▸ WHAT THE EXERCISE ASKS
Exactly as it appears, restate the whole listing.

═══ THE DATA

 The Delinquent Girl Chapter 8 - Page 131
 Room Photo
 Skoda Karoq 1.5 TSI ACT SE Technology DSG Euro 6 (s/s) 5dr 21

══════

▸ SOLUTION TO THIS EXERCISE
 The Delinquent Girl Chapter 8 - Page 131
 Room Photo
 Skoda Karoq 1.5 TSI ACT SE Technology DSG Euro 6 (s/s) 5dr 21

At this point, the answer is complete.